Deadlock occurs when all philosophers simultaneously pick up their right fork and wait indefinitely for their left fork.
Deadlock Scenario: If every philosopher picks up their right fork at the same time, no one can pick up their left fork because it’s held by their neighbor. All philosophers wait forever, and the system is stuck.

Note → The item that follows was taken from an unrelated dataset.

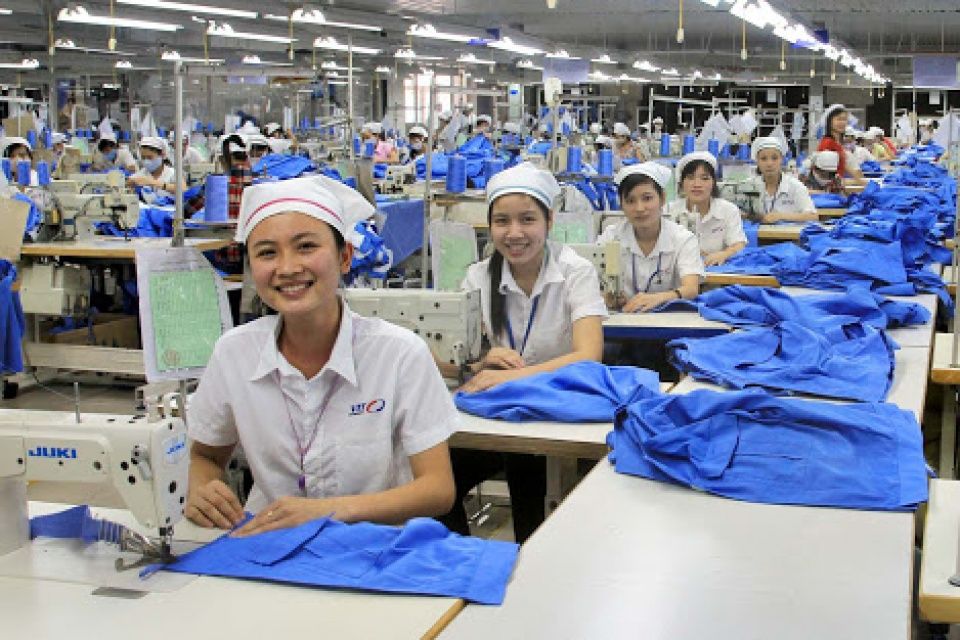 Suc mua giam manh, trien vong nganh det may khong may lac quan dệt may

Example Deadlock Sequence:

Time 0ms:
  Philosopher 1: picks up right fork (Fork 1)
  Philosopher 2: picks up right fork (Fork 2)
  Philosopher 3: picks up right fork (Fork 3)
  ...
  Philosopher N: picks up right fork (Fork N)

Time 1ms:
  Philosopher 1: waiting for left fork (Fork N) - HELD BY Philosopher N
  Philosopher 2: waiting for left fork (Fork 1) - HELD BY Philosopher 1
  Philosopher 3: waiting for left fork (Fork 2) - HELD BY Philosopher 2
  ...
  → DEADLOCK: Circular wait with no progress

Deadlock Prevention in This Implementation

The program prevents deadlock through:
void *philo_routine(void *pointer)
{
    t_philo *philo = (t_philo *)pointer;
    
    // Even philosophers start with a 1ms delay
    if (philo->id % 2 == 0)
        ft_usleep(1);
    
    while (!dead_loop(philo))
    {
        ft_eat(philo);
        ft_sleep(philo);
        ft_think(philo);
    }
}
By delaying even-numbered philosophers by 1 millisecond, the implementation creates temporal asymmetry that prevents all philosophers from picking up forks simultaneously.

2. Starvation

Starvation happens when a philosopher never gets access to both forks, even though the system as a whole makes progress.
Starvation Scenario: Philosophers 1 and 3 keep eating in alternation, while Philosopher 2 (sitting between them) never gets both forks and eventually dies of hunger.

Starvation Prevention

The monitor thread continuously checks if any philosopher has exceeded time_to_die without eating:
int philosopher_dead(t_philo *philo, size_t time_to_die)
{
    pthread_mutex_lock(philo->lock_meal);
    if (get_current_time() - philo->last_meal_time >= time_to_die
        && philo->eating == 0)
        return (pthread_mutex_unlock(philo->lock_meal), 1);
    pthread_mutex_unlock(philo->lock_meal);
    return (0);
}

Time Tracking:

  • Each philosopher’s last_meal_time is updated whenever they start eating
  • The monitor checks if current_time - last_meal_time >= time_to_die
  • If exceeded and the philosopher isn’t currently eating, they die

3. Race Conditions

Race conditions occur when multiple threads access shared data concurrently without proper synchronization, leading to unpredictable results.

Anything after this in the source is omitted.